Look through the listing and locate every line containing the word "Single"; copy those lines.

(Beginning of Data excerpts)

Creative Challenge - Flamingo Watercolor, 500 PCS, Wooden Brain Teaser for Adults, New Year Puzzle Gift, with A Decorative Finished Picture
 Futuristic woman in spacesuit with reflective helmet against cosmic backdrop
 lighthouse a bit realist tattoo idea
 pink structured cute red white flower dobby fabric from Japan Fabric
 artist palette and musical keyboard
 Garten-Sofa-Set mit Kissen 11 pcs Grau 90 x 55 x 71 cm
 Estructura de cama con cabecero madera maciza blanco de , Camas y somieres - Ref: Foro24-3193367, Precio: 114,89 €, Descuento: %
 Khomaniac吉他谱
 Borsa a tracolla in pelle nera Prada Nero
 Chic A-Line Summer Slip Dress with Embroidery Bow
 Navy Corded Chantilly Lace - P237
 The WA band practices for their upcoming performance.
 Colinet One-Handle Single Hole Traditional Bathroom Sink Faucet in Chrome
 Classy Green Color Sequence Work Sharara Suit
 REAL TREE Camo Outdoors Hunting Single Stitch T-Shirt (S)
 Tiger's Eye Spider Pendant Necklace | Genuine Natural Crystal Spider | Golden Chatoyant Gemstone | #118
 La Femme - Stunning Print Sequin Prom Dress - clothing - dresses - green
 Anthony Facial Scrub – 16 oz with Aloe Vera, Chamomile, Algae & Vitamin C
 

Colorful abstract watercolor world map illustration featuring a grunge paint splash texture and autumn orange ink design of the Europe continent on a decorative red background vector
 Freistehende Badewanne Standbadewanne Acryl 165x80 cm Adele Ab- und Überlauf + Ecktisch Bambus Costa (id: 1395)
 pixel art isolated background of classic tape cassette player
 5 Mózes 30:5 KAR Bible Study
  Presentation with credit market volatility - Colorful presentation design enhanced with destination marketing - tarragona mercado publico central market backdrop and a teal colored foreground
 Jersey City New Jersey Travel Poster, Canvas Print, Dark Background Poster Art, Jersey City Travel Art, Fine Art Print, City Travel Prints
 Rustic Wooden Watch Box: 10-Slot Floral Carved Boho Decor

(End of Data excerpts)

## Response to the task
 Colinet One-Handle Single Hole Traditional Bathroom Sink Faucet in Chrome
 REAL TREE Camo Outdoors Hunting Single Stitch T-Shirt (S)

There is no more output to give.